Friends of the Blue Hills also believes that a more realistic source of financing might be sought in a $44 million performance bond held on QHA's contractor, McCourt Construction. The bond requires McCourt to cover and cap the many millions of tons of Big Dig fill brought to Quincy.

But a McCourt official told the LEDGER last month that the company's work ended over a year ago, even though several McCourt vehicles are still active on the site. The official also said McCourt made its last delivery of Big Dig fill to Quarry Hills in 2001, although more such fill was observed arriving as recently as last week.

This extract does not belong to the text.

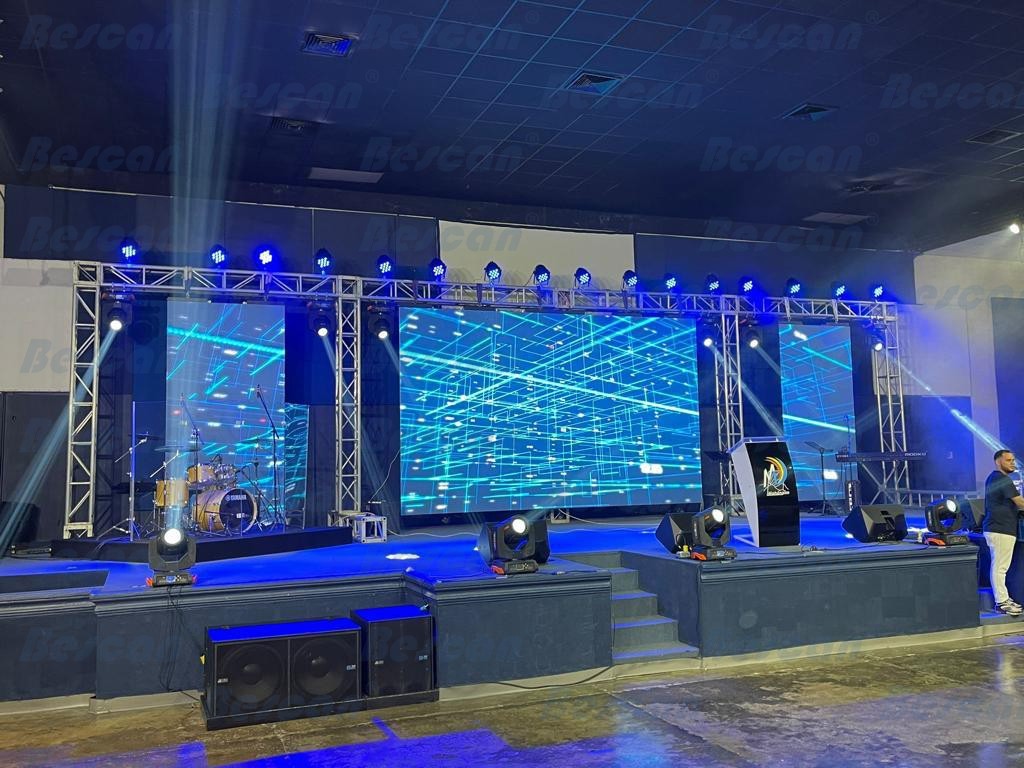 మహానాడు వీక్షణకు ఎల్ఈడీ స్క్రీన్ల ఏర్పాటు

The Quarry Hills project started as a landfill, and it is still a landfill--the largest ever built in Massachusetts. Quarry Hills Associates is a private developer with no interest but its own gain. QHA has allowed the primary beneficiaries of the Quarry Hills project--namely, the Big Dig and its contractors--to bury public land under mountains of contaminated excavate while assuming little or no responsibility for the consequences. This is the real service provided by QHA, for which it has been paid handsomely.

But unlike the Big Dig, QHA cannot go to Massachusetts taxpayers to cover the costs of mismanagement and faulty estimates. As soon as QHA concludes that collecting further income from dumping fees and land sales will require a real and substantial investment in project completion and mitigation, we expect they will grab what they can and leave. They will blame others for their failures, and remind us that they are businessmen, not do-gooders. In the meantime, they will continue to tout their "world-class" golf course.